■ **Work instruction**
Without the images, reproduce every entry exactly.

■ **Data for analysis**
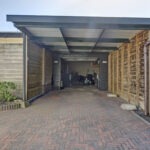 Elspeet – Binnenweg 34 – Foto 23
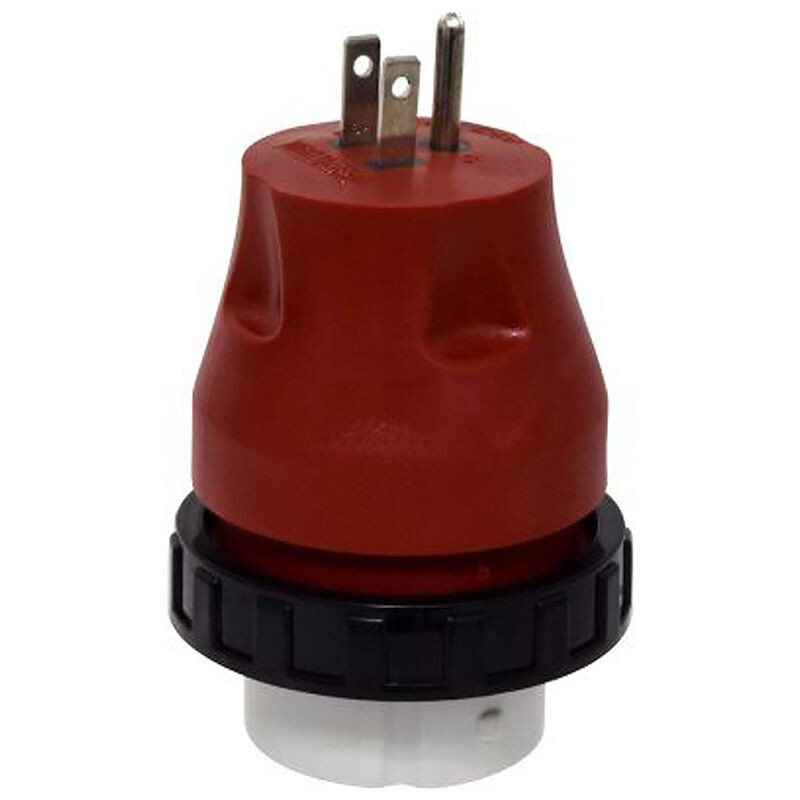 Valterra Power Cord Adapter image number 1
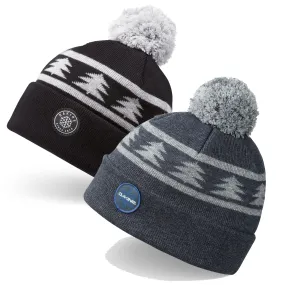 Jack Pine Merino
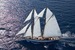 Germania Nova Sailing yacht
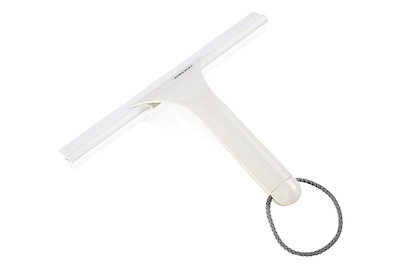 Image of Leifheit Duschkabinenreiniger Cabino bei JUMBO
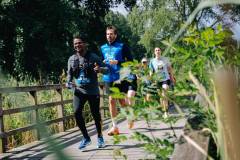 Golazo - Almere weerwater Run // 14-06-2026 // David Stegenga Fotografie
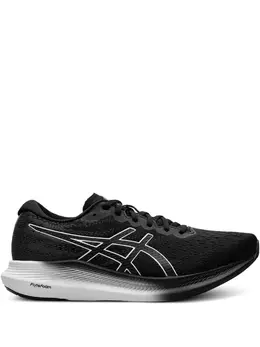 Asics EvoRide 3 sneakers 22441861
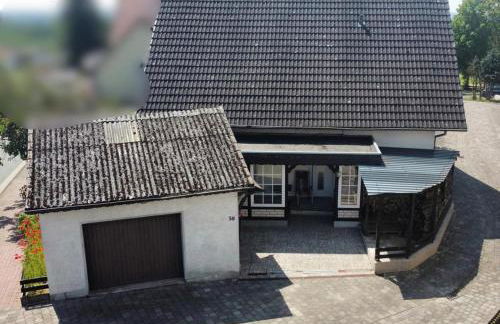 Ferienhaus Baarsen 30 - Foto 2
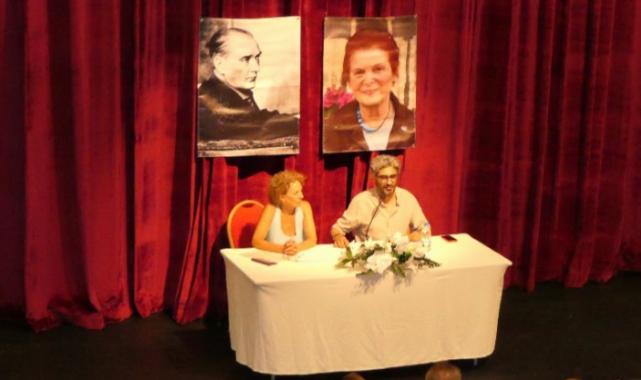 Barış Pehlivan:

■ **Reply**
 Elspeet – Binnenweg 34 – Foto 23
 Valterra Power Cord Adapter image number 1
 Jack Pine Merino
 Germania Nova Sailing yacht
 Image of Leifheit Duschkabinenreiniger Cabino bei JUMBO
 Golazo - Almere weerwater Run // 14-06-2026 // David Stegenga Fotografie
 Asics EvoRide 3 sneakers 22441861
 Ferienhaus Baarsen 30 - Foto 2
 Barış Pehlivan:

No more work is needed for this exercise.